What needs to be done -
The following data has a line with "Image result for Swyncombe Cricket Club" and a line with "G.Skill Trident Z RGB DC_spec". Write out exactly those lines and all the lines between them.

Input material -
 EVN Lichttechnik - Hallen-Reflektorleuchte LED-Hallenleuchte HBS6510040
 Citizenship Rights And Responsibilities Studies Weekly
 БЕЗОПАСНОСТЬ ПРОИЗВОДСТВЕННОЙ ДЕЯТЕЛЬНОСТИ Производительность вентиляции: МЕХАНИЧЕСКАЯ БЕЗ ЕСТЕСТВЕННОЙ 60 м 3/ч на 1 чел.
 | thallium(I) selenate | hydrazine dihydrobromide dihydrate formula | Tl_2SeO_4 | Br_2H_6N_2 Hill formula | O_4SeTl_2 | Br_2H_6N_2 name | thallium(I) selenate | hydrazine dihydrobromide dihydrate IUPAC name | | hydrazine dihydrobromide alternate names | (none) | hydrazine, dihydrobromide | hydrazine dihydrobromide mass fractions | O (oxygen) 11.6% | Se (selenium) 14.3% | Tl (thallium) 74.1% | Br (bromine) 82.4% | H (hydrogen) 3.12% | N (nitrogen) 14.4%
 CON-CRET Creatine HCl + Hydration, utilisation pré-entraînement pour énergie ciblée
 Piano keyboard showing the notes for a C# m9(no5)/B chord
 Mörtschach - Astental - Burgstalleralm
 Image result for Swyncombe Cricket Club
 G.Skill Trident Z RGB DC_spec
---
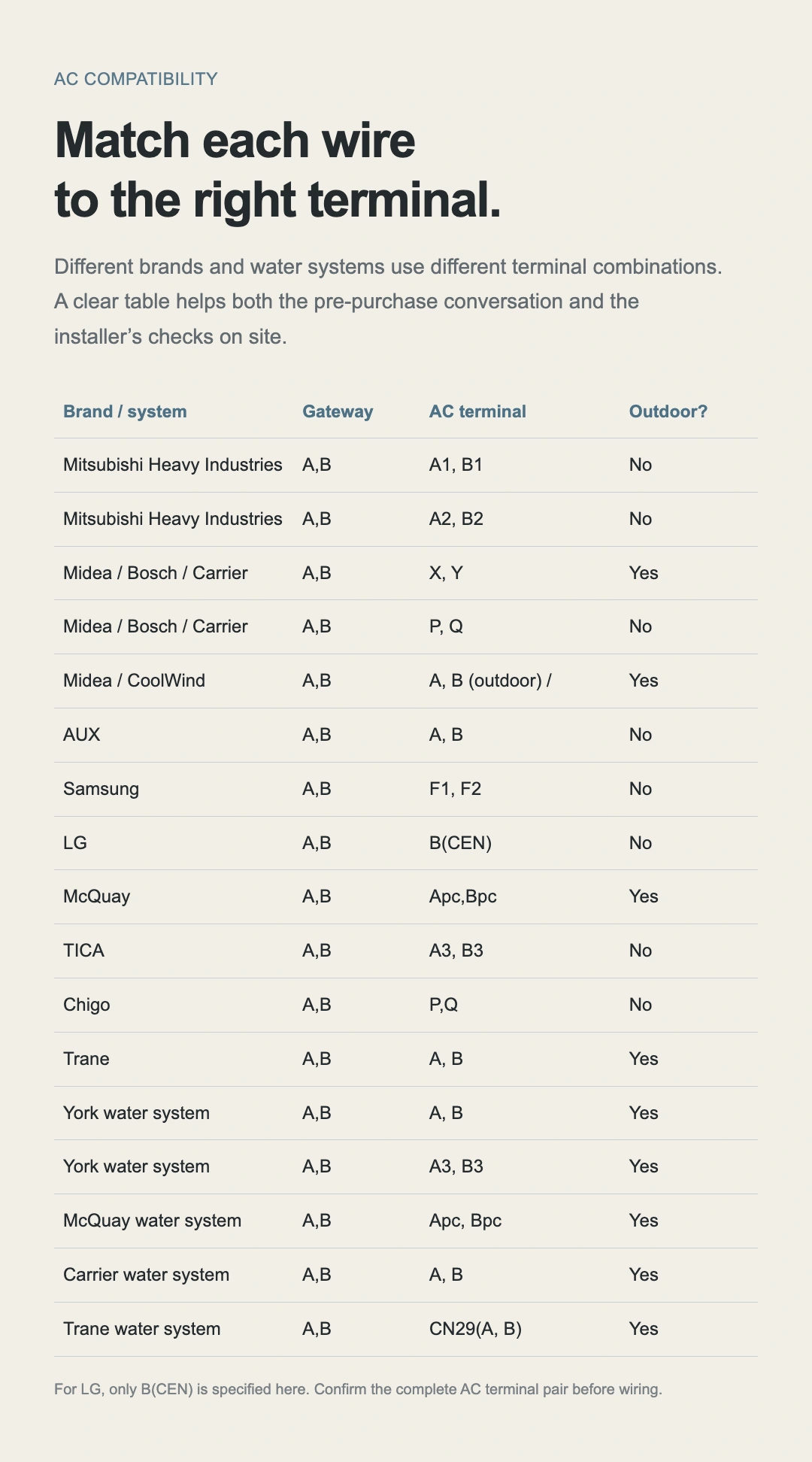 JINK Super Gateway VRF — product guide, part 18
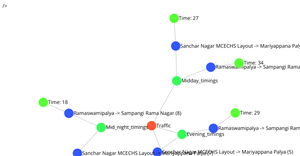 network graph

Task output -
 Image result for Swyncombe Cricket Club
 G.Skill Trident Z RGB DC_spec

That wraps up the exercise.